2. Wie bist du zu den Carl Duisberg Centren gekommen und in welcher Position arbeitest du im Centrum Berlin?

Die Carl Duisberg Centren kannte ich bereits über die Integrationskurse. Über eine Stellenausschreibung für einen Bundesfreiwilligendienst bin ich ins Centrum Berlin gekommen und habe dort sechs Monate Bundesfreiwilligendienst an der Rezeption geleistet. Zu dem Zeitpunkt hatte ich lediglich Sprachniveau A1, so dass mein Hauptziel war, die Sprache zu lernen. Ich habe an der Rezeption mit einer Kollegin zusammengearbeitet, die mir sehr geholfen hat und durch die ich meine Deutschkenntnisse schnell erweitern konnte. 

Nach Beendigung meines Bundesfreiwilligendienstes habe ich direkt ein Jobangebot bekommen und bin seit August 2024 als Kundenbetreuer für Deutschkurse in einer Festanstellung. Die Aufgaben dort passen auch gut zu meinem Studium der Betriebswirtschaft (Business Administration / Management), das ich in Afghanistan absolviert habe. Dieses wurde anfangs in Deutschland nicht anerkannt, weshalb meine Motivation sehr hoch war, Deutsch zu lernen. Mittlerweile ist mein Studium durch die Kultusministerkonferenz anerkannt worden.

3. Wie erlebst du das Arbeiten bei den Carl Duisberg Centren und was gefällt dir besonders?

Ich habe sehr viel Glück gehabt: Ich habe tolle Kollegen, die mich super eingearbeitet haben und viel Geduld haben.

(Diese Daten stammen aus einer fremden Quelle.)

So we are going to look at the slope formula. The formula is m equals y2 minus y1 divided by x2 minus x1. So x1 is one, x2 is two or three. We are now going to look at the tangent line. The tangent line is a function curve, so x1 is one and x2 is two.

Es ist eine sehr gute Stimmung im Team, alle sind sehr freundlich und hilfsbereit. 

Die Arbeit macht Spaß, wir haben jede Woche viele internationale Teilnehmer, die bei uns Deutschkurse besuchen. Ich habe Mitgefühl mit den Teilnehmern, da ich selber erlebt habe, wie man sich am Anfang in einem fremden Land ohne Sprachkenntnisse fühlt. Unsere Arbeit ist wichtig, wir helfen Menschen, über die Sprache in Deutschland anzukommen und eine Zukunft aufzubauen.

4. Wann hast du angefangen, Deutsch zu lernen?

Ich habe vor fast zwei Jahren komplett bei Null angefangen, ich konnte vorher als Fremdsprache nur Englisch. Ich habe zunächst einen Integrationskurs Deutsch vom BAMF (Bundesamt für Migration und Flüchtlinge) bis Level B1 absolviert und anschießend den Orientierungskurs „Leben in Deutschland“ (Themen: Deutsche Geschichte, Demokratie, Wirtschaft und Politik) besucht. In beiden Kursen musste ich am Ende einen Abschlusstest absolvieren, beide habe ich mit „sehr gut“ abgeschlossen.

Das darauffolgende Angebot für das Sprachniveau B2 habe ich zunächst nicht genutzt, da ich neben meiner Arbeit keine Zeit hatte. Ohne einen weiteren Kurs habe ich damit zwar „offiziell“ mit dem Deutschlernen aufgehört, aber durch die Arbeit mit den Kollegen, den Kunden und den Agenturen habe ich sehr schnell Deutsch gelernt. Ich habe auch immer zu Hause viele Bücher gelesen.  

Das B2 Niveau habe ich somit auch ohne Sprachkurs erreicht, so dass ich dann direkt die Prüfung für B2 bei den Carl Duisberg Centren abgelegt habe. 

5. Welche Tipps kannst du Deutschlernenden geben?

Das Wichtigste ist, zunächst die Sprache zu lernen – ohne die Sprache kommt man nicht weiter, man findet keine Wohnung und vor allem keine gute Arbeit. 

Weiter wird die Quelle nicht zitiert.